• [Problem to solve] Below are the entries. Print only the lines starting at the one with "Penelope Pinky online show from 19, 1, 2025" and ending at the one with "住宅型有料老人ホーム サンエイ慈眼寺（正社員） の介護職求人メイン写真3", exactly, with no pictures.
-- Records supplied follows --
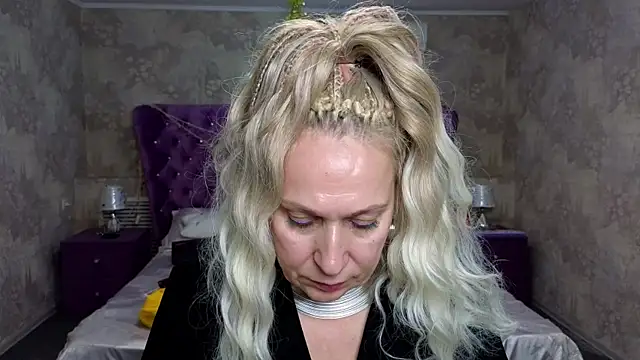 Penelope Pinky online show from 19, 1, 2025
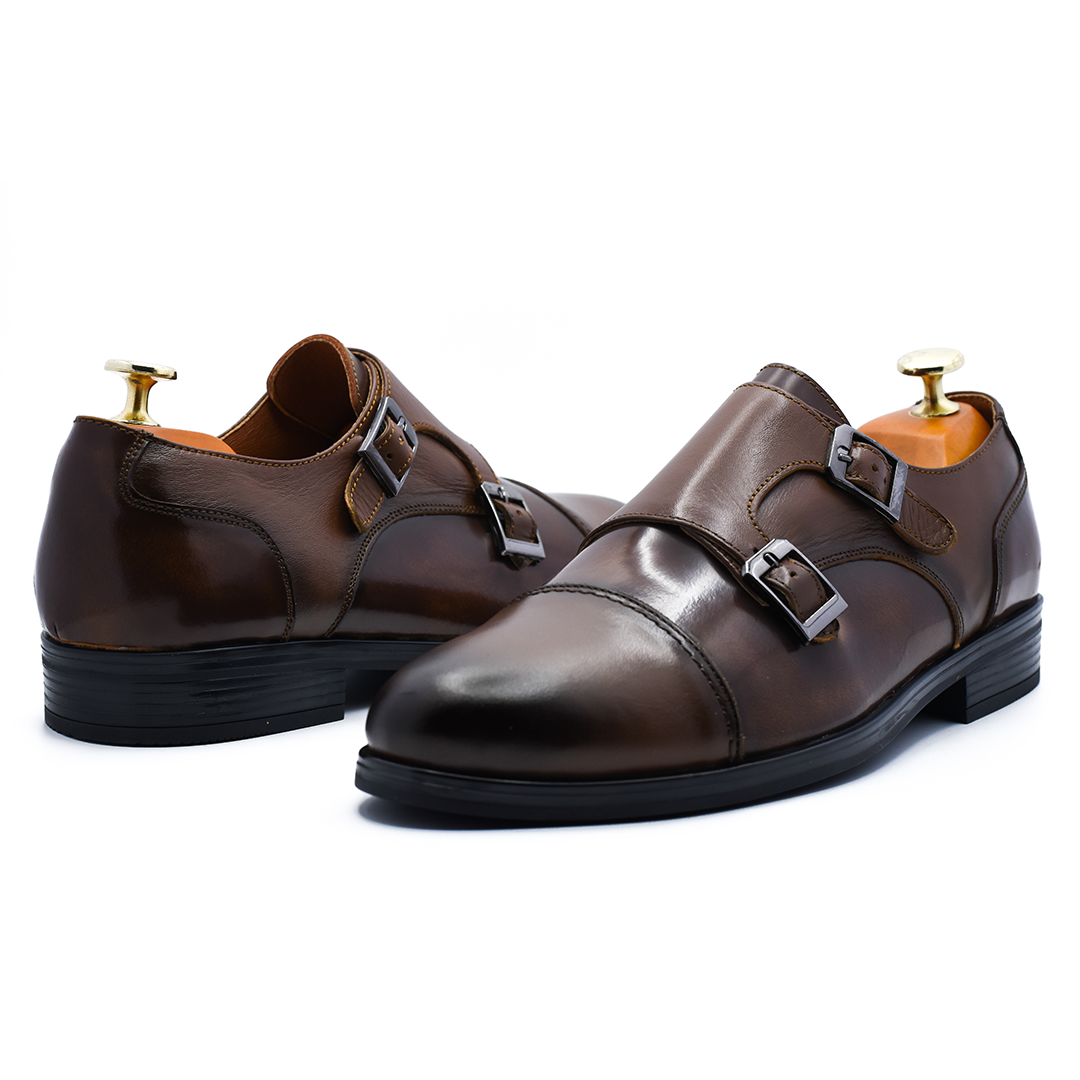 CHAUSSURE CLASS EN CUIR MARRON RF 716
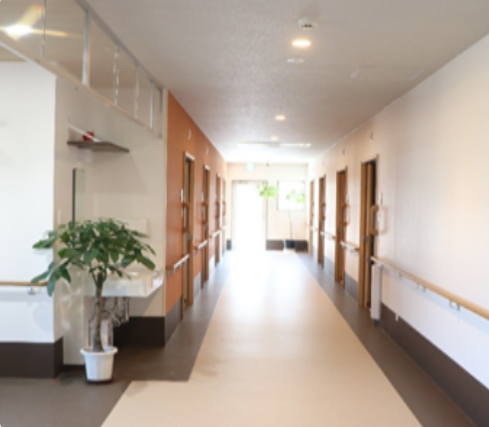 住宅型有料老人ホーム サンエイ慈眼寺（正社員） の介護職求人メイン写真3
-- Records supplied concluded --
-- Records supplied follows --
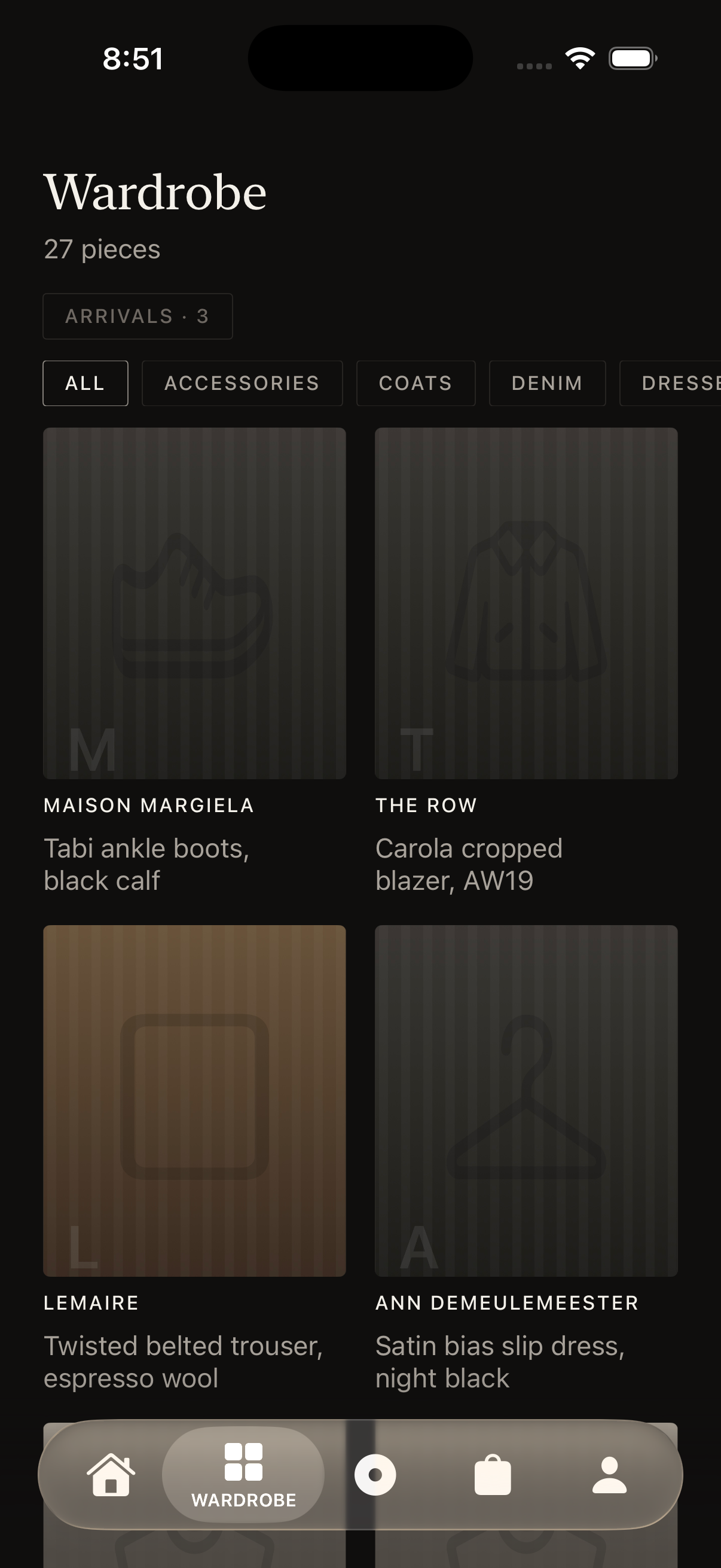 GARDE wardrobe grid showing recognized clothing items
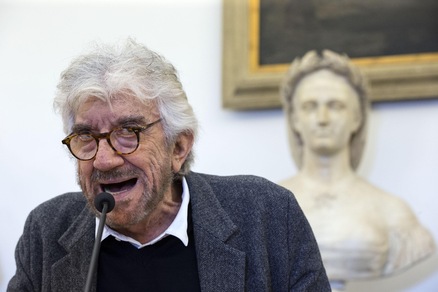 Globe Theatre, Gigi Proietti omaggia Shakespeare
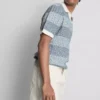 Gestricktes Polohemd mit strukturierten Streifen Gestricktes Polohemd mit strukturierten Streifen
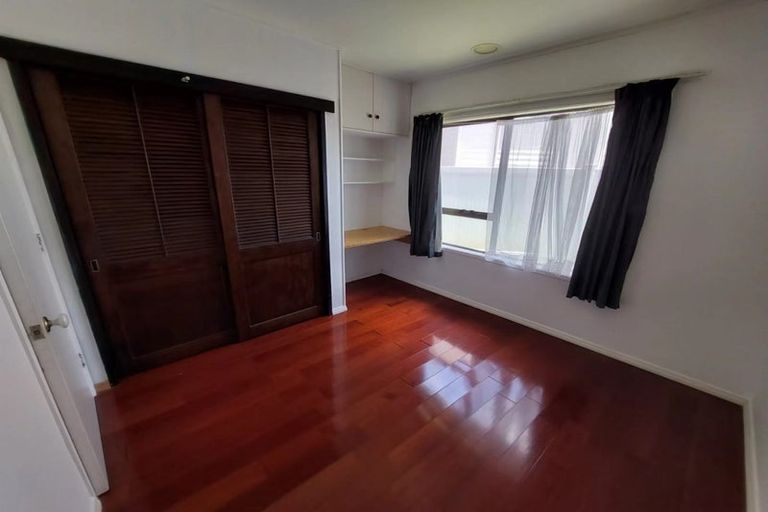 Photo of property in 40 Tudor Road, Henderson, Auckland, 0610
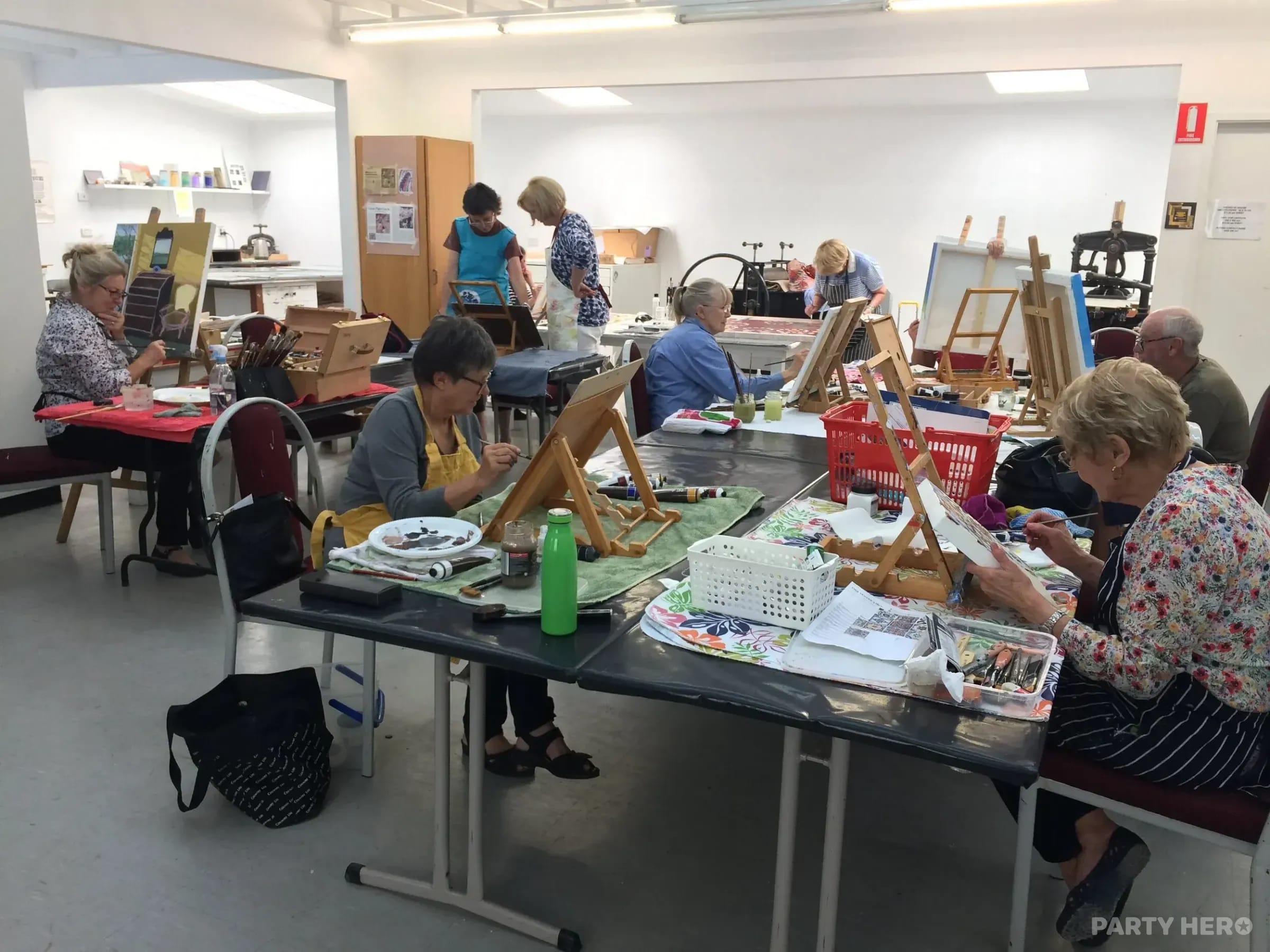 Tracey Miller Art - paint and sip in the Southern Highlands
-- Records supplied concluded --
-- Records supplied follows --
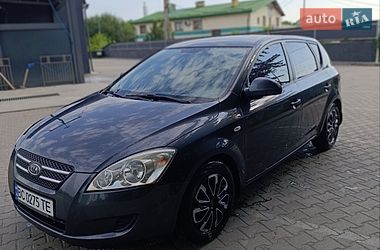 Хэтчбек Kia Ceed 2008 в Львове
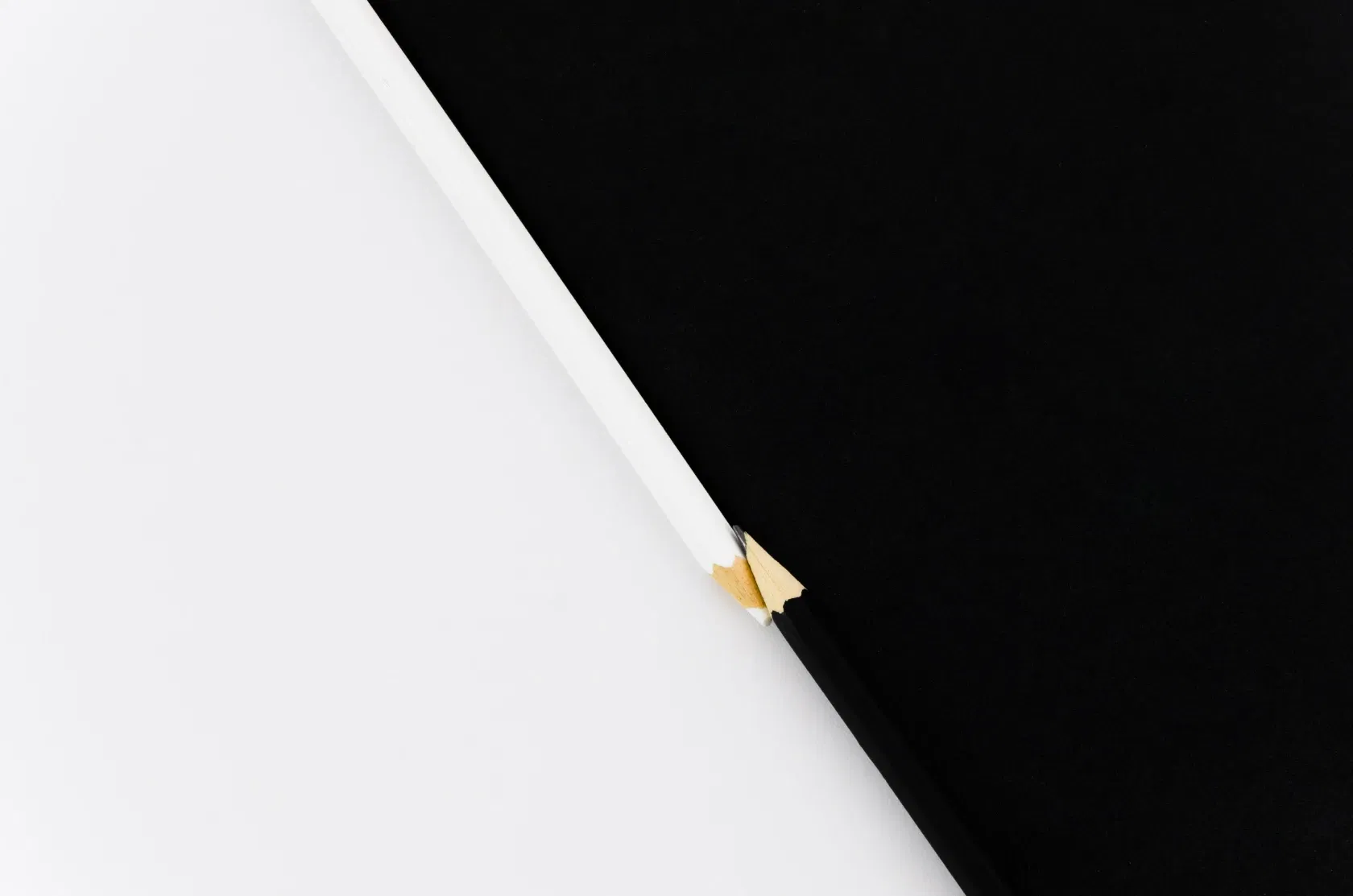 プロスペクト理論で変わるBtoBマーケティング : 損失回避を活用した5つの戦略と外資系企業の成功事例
-- Records supplied concluded --
• [Solution]
 Penelope Pinky online show from 19, 1, 2025
 CHAUSSURE CLASS EN CUIR MARRON RF 716
 住宅型有料老人ホーム サンエイ慈眼寺（正社員） の介護職求人メイン写真3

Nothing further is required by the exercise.